The Role of Peter in the Early Church
After his denial of Christ (Like 22:54-62), Peter had a truer estimation of himself. He realized that his strength comes only from God. Therefore, he repented and was fully converted. Christ controlled his zeal and he was no longer self-confident but self-possessed, teachable, and humble. The lessons he had received from Jesus (Luke 22:32; John 21:15–17) gave much fruit in his life and ministry. As God purified his natural capabilities, he rose as a great leader in the early church. This is seen in the following:
The Replacement of Judas
Peter urged his brethren to rigorous action that they may fulfill the commission of Christ (Matthew 28:19). And in order to do that, they needed first to select a replacement for Judas Iscariot that betrayed the Lord. So, they prayed and cast lots and the lot fell on Matthias, and he was numbered with the eleven apostles (Acts 1:15-26).
The Pentecost Sermon
The book of Acts records Peter’s sermon as the only Pentecostal sermon (Acts 2:14–40). His mind was enlightened by Holy Spirit so he had a clear understanding of the Scriptures (Luke 24:45). And he spoke to the people in Jerusalem about the prophecies concerning the Messiah and their clear fulfillment in the life and death of Christ. Then, he called the people to Repent and be baptized in the name of Jesus Christ for the remission of sins that they may receive the gift of the Holy Spirit. The book of Acts gives also special attention to his other sermons (Acts 3:12–26; 4:8–12; 10:34–43).
The Miracles of Peter
The apostle Luke recorded that Peter and John, performed a miracle of healing to a lame man from his mother’s womb. At Peter’s command, the man stood up, leaped, and praised God. All the people that saw miracle, glorified the Lord (Acts 3:1–11).

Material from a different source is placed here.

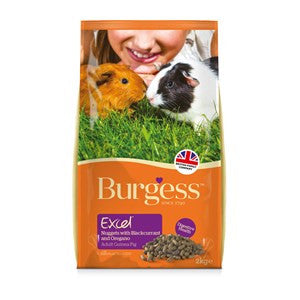 Burgess Excel Guinea Blackcurrant & Oregano 2kg Discount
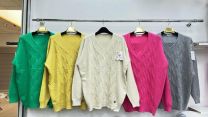 Swetry damskie (S-XL/12szt)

Again, Peter by God’s power performed other miracles “so that they brought the sick out into the streets and laid them on beds and couches, that at least the shadow of Peter passing by might fall on some of them” (Acts 5:15).
Also, the apostle healed a man named Aeneas, who had been bedridden eight years and was paralyzed (Acts 9:32-35). But the most remarkable miracle of the apostle was his resurrecting Dorcas from the dead (Act 9:32–41). After this amazing miracle, many believed in the name of Jesus.
Correcting the Church
The apostle played the chief part in rebuking Ananias and Sapphira for their sin (Acts 5:3–11). Through the gift of discernment (1 Corinthians 2:14; 12:10), it was revealed to him that Ananias and Sapphira were lying (John 14:17, 26; 16:13). Ananias was not forced to sell his land but was only required to be honest in bringing the profits that he had promised. For their sin Ananias and Sapphira were smitten by God. And their encounter with the apostle caused a great fear to come upon the early believers.
Preaching to the Gentiles
Peter was led by God through a special vision to preach to the Gentiles and specifically to the house of Cornelius (Acts 10). The Gentiles accepted the Lord Jesus and received the Holy Spirit and the apostle baptized them (verses 44-48). But when Peter went up to Jerusalem, the Jews criticized him for preaching to the Gentiles.
But he answered them saying, “If then God gave the same gift to them as he gave to us when we believed in the Lord Jesus Christ, who was I that I could stand in God’s way?” (Acts 11:17). Convicted of his words, the Jews glorified God, saying, the “Gentiles also God has granted repentance that leads to life” (v. 18).
It is clear that God’s servant had a leading position in the affairs of the early church according to the book of Acts, but he is not mentioned after Acts 15:7 for the focus then was on the apostle Paul.